Pleno julga improcedente ação que requeria perda de cargo vitalício de promotor por corrupção

Publicado em 30 de janeiro, 2020

Pleno julga improcedente ação que requeria perda de cargo vitalício de promotor por corrupção

Pleno julga improcedente ação que requeria perda de cargo vitalício de promotor por corrupção. Foto: Raphael Alves

O Pleno do Tribunal de Justiça do Amazonas julgou improcedente uma ação civil, movida pelo Ministério Público Estadual (MPE-AM), que requeria a perda do cargo público vitalício do promotor de Justiça de entrância final Walber Luís Silva do Nascimento.

A Ação Civil de Perda de Cargo Público Vitalício (n.º 4002368-96.2018.8.04.0000) foi julgada improcedente, por unanimidade de votos dos desembargadores da Corte Estadual, pelo não-preenchimento de requisitos legais para a pretendida perda de cargo de promotor de Justiça.

Pleno julga

Na Ação, o MPE-AM contextualizou que o réu foi condenado nos autos da Ação Pública Incondicionada de n.º 2011/0082630-6 pela prática do crime de corrupção passiva (art. 317, CP) em crime praticado com violação do dever funcional para com a Administração Pública.

Para o relator da Ação, desembargador Domingos Jorge Chalub – cujo voto foi seguido pelo Tribunal Pleno – “não se pode mostrar possível a determinação de perda do cargo de promotor de Justiça ante a ausência de um dos requisitos, de natureza constitucional, qual seja o trânsito em julgado da sentença penal condenatória”.

Punibilidade

Em seu voto, o desembargador relator citou que “o réu conseguiu trazer aos autos, quando juntou decisão da lavra do Ministro Ricardo Lewandowski, do Supremo Tribunal Federal (STF), proferida em novembro de 2018, extinguindo a punibilidade do réu na ação penal, em decorrência da pretensão punitiva”.

Conforme os autos, o acórdão que condenou o réu a 2 anos e 3 meses de reclusão, com tal pena privativa de liberdade sendo substituída por duas sanções restritivas de direito, foi reformado por tribunal superior apenas para afastar a determinação de perda de cargo.

Na decisão do STF, na qual o desembargador Domingos Jorge Chalub embasou seu voto, o Ministro Ricardo Lewandowski citou que “levando-se em conta a pena aplicada e o disposto no art. 109, IV, do CP, a prescrição opera-se em 8 anos.
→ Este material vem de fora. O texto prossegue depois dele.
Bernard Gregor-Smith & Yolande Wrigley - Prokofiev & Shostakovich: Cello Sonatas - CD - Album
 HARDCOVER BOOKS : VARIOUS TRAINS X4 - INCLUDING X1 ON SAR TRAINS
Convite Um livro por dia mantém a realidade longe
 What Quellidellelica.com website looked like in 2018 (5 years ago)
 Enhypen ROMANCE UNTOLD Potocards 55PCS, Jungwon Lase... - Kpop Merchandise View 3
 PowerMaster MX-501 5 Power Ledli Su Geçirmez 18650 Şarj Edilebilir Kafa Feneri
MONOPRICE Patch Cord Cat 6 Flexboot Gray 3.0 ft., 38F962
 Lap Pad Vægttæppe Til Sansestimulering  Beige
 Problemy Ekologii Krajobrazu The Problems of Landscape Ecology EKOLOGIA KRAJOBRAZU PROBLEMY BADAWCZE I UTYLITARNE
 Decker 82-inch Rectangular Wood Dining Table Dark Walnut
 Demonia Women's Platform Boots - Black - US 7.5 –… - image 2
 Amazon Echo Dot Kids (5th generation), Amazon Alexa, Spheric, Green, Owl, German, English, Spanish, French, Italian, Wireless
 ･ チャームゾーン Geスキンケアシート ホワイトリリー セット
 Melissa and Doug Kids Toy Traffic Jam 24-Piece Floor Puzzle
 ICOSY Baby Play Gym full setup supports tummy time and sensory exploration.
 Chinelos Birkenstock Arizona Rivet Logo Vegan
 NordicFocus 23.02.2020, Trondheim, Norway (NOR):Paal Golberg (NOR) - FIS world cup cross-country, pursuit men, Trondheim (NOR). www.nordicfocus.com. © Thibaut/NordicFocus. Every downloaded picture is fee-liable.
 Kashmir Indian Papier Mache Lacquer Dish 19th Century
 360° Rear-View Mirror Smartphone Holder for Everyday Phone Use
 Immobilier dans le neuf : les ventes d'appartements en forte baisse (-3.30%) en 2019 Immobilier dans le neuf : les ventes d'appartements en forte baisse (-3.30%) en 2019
No caso sob exame, o acórdão condenatório foi publicado em 14 de setembro de 2010, sendo essa a última causa de interrupção do prazo prescricional havida nos autos. Dessa forma, a prescrição da pretensão punitiva do Estado ocorreu em 13 de setembro de 2018 (…). Isso posto, declaro a extinção da punibilidade em decorrência da prescrição da pretensão punitiva em relação ao delito previsto no art. 317, caput, do Código Penal”.

Ação em tramitação

Em outro trecho de seu voto, o desembargador relator acrescenta que, em consulta ao site do STF foi constatado que tal ação ainda tramita, isto é, inexiste trânsito em julgado.

“Assim, não se mostra possível a determinação de perda do cargo de Promotor de Justiça, ante a ausência de um dos requisitos, de natureza constitucional, qual seja o trânsito em julgado da sentença condenatória (…). Portanto, há de ser julgada improcedente a presente ação”, concluiu o desembargador Domingos Jorge Chalub, em seu voto.